Liver transplants have been a lifesaving therapy for decades. But innovation toward improving organ preservation and transplantation has remained remarkably limited over the years. In a welcome development for the field, a randomized trial recently reported in Nature compared the standard method of static cold storage to normothermic perfusion in liver transplantation1. The results of the study suggest that maintaining the liver by metabolically active perfusion at body temperature may be advantageous.

The list of patients waiting for a liver transplant has increased substantially in recent years. At least partly to blame is the success of liver transplantations. “Because they have been so successful, the indications are expanding to tumors: hepatocellular carcinoma and cholangiocarcinoma, even colorectal metastasis. A lot of people want to benefit from liver transplantation,” says Philipp Dutkowski, head of abdominal organ transplantation at the University of Zurich. With an increase in organ demand, the motivation to use suboptimal organs, such as those from donors with cardiovascular death or other comorbidities, is gaining traction. But methods that enable preservation of these suboptimal organs have not kept pace with demand (currently, about 20% of patients on the list die waiting for a liver).

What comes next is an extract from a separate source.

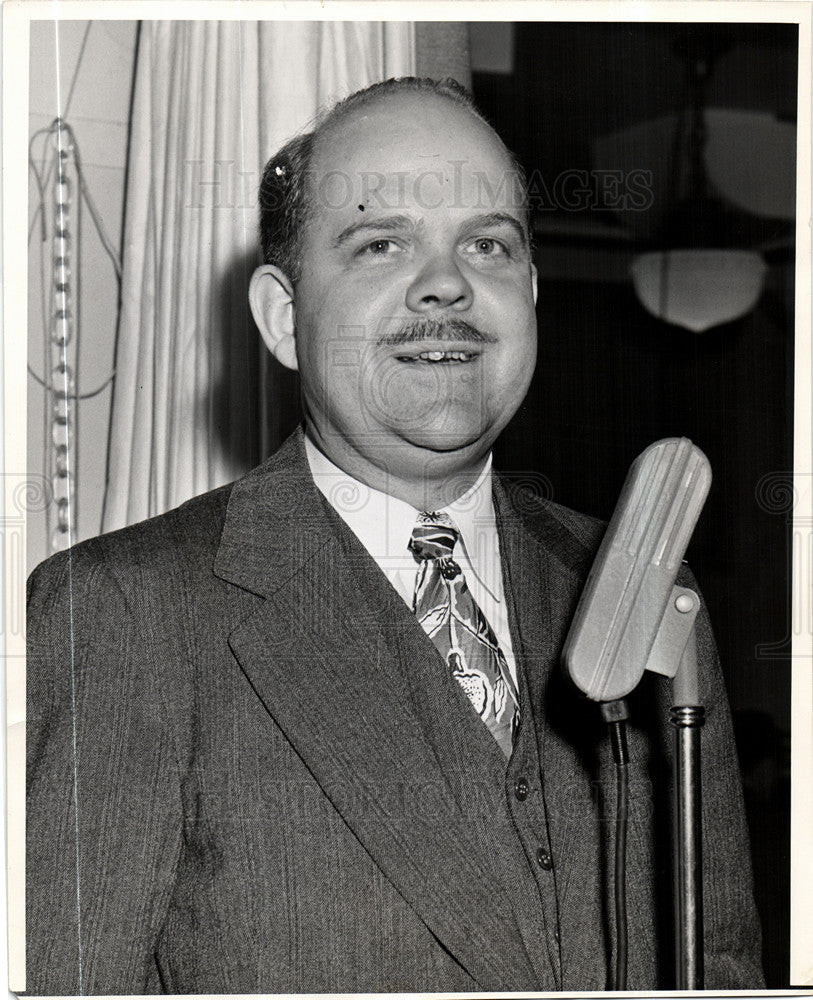 1947 Press Photo Ted Malone American radio broadcaster - Historic Images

One preservation method that has received attention in recent years is normothermic machine perfusion (NMP). In contrast to static cold storage, where the organ is flushed, cooled and placed in an ice-box to reduce its metabolic activity, NMP involves perfusing the liver with oxygenated blood at normal body temperature. Animal models and a phase 1 trial have suggested that normothermic preservation may replenish ATP levels, contributing to an improvement in post-transplant survival. The approach may also allow interventions before transplant, such as defattening or treating with drugs or regenerative cell therapies, and organ function assessment.

The randomized trial by Nasralla et al.1 for the Consortium for Organ Preservation in Europe included 220 liver transplants. Although half of the organs were assigned to each preservation method, more organs stored in the cold were discarded before transplantation as compared with NMP (24.1% versus 11.7%). The primary endpoint of the trial, peak aspartate aminotransferase (AST, a measure of liver damage) levels 7 days after transplant, was 50% lower in the NMP group as compared to the static cold storage group. Bilirubin levels were also lower in this group, providing another measure of improved post-operative graft function.

As a first of its kind, the study involved a population of patients and organs that would be expected to do well in either condition. Patients in both groups had highly successful outcomes, with no differences observed in the rate of biliary strictures, length of hospital stay (15 days) and a 95% one-year graft survival1. “There is clear improvement [with NMP] but both sides did quite well,” says Markus Selzner, surgical director of the liver transplant program at Toronto General Hospital. “The study shows that this technology is safe and probably better than cold storage, and it offers new opportunities for interventions. Next steps will need to focus on severely injured grafts.”

Dutkowski is more circumspect. “At the moment, I don't see a big difference between the two arms of the study,” he says. “Using AST 7 days after transplantation is not a clinically relevant endpoint.” He also points out that the reasons for the lower organ discard rate in NMP are not presented in the paper1. “To show that the difference in dropout rate is meaningful, we would need to know why organs were discarded on both arms of the trial,” he says. A decrease in biliary complications and graft loss within the first year would be much more impressive measures, he suggests.

The current NMP machines are heavy and bulky, and cannot be loaded on a plane, says Selzner. But this is bound to be corrected by the markets if the approach is shown to enable substantial improvements in graft survival with injured livers. More accurate measures of organ function, preserved both in the cold and warm settings, will be key to designing trials in the future and improving graft survival. In the meantime, the trial from Nasralla et al.1, in a field that has remained stagnant for decades in terms of testing and incorporating new technologies, opens up much needed discussion of avenues that will ultimately get patients off the organ wait list.